If you need them logged, you can write them. The whole basis of postdownload scripts is you can do what you need to. The only issue (which you can fix by modifying your exports file) is there isn’t a central place to store logs, though I don’t know that this would be needed. If you’re inserting files, you can create a log directly on the system using the postdownloadscripts.

Lee Rowlett

@Tom-Elliott this is exactly what i do which is why i caused confusion when posting code regarding injecting drivers with “/fog” directory throwing ppl off lol. postdownloadscripts are only limited to your imagination, i honestly believe it’s very under-utilized. i even use it to update the snapin state to give a detailed progress of where it is at (using snapintaskstate plugin too) as i have one snapin script for all our builds, each snapin definition just has an argument set so the script knows what software to install, settings to set etc… essentially i only have to manage one image and one snapin otherwise if i had a snapin per software i’d be managing 100’s potentially 1000’s! although i guess this is where snapin packs comes in to play! i’d already got this setup before snapin packs where introduced. Can see the appeal to snapin packs and how useful they can be but rely on having the fog client and if you don’t use fog to manage existing systems can be the only downfall i guess.

Wayne Workman

@Tom-Elliott Not everyone is of the mentality to write their own. Snapins have viewable status via the web interface already and have logs on each host already. It’s not wrong to point out this difference, and it’s not wrong to choose snapins because of this difference.

Tom Elliott

@Wayne-Workman My point isn’t about people’s “mentalities” just rather the direct facts.

People who are working to create a postdownloadscript that would like logging to be included in some form should be thinking of these things. They’re ultimately in full control of the process, which would also include logging/reporting if that’s what they so need.

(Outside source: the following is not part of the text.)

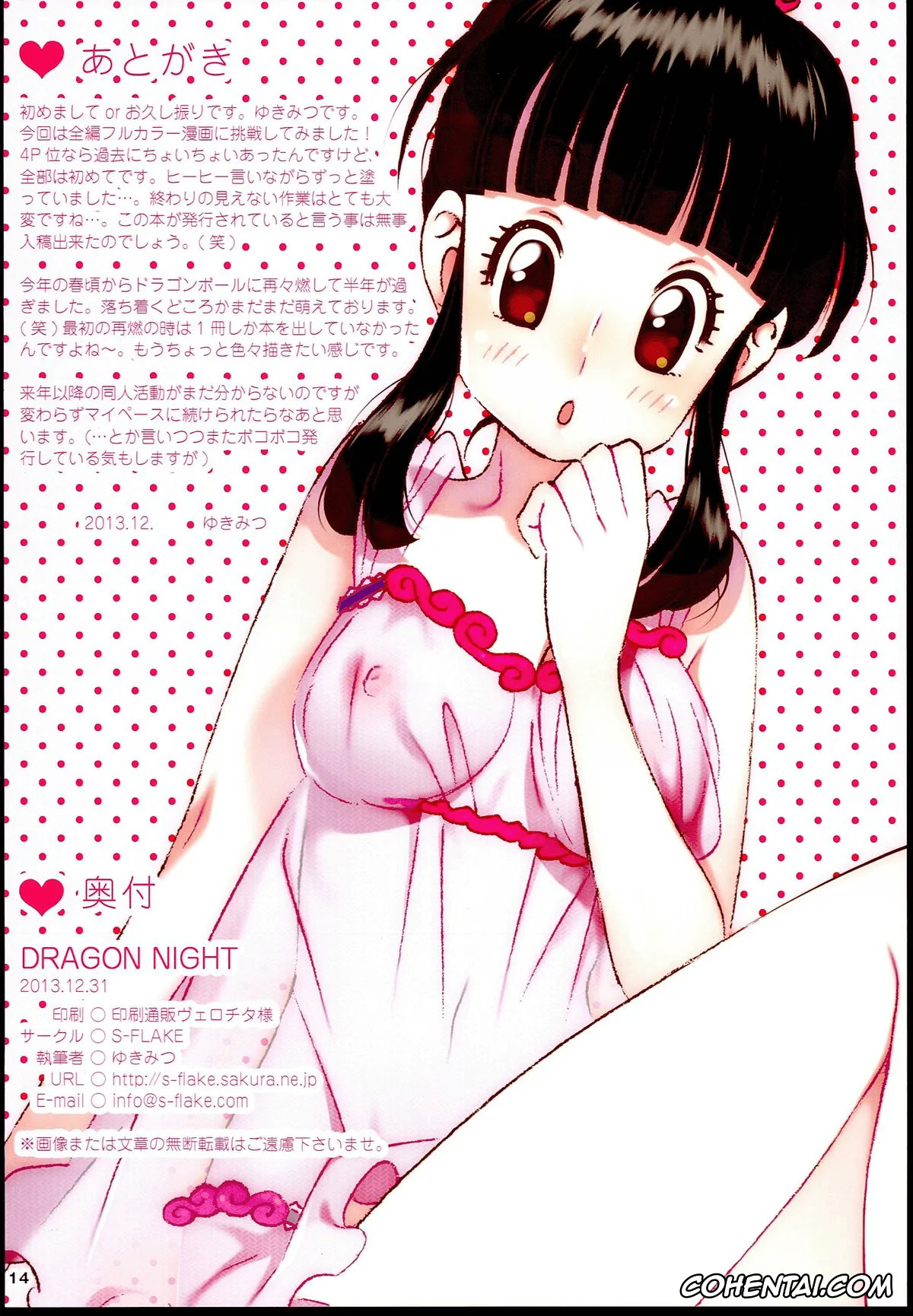 Dragon Ball Z porno, Android 18 porno, Bulma Briefs porno, Chi Chi porno, Krillin porno, Son Gohan porno, Son Goku porno, Vegeta porno, Videl porno, DRAGON NIGHT (Dragon Ball Z), pagina 14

While you’re correct that snapins and snapinpacks have the “logging” built in, that’s not to say a postdownload script cannot. The idea of postdownload scripts is to give the person creating it FULL control. What you do with it is completely up to YOU. How you approach logging is up to you. What that script will do is up to, you guessed it, YOU.

Just because it’s not something others may be thinking about does not mean it’s a failure in the “system” itself.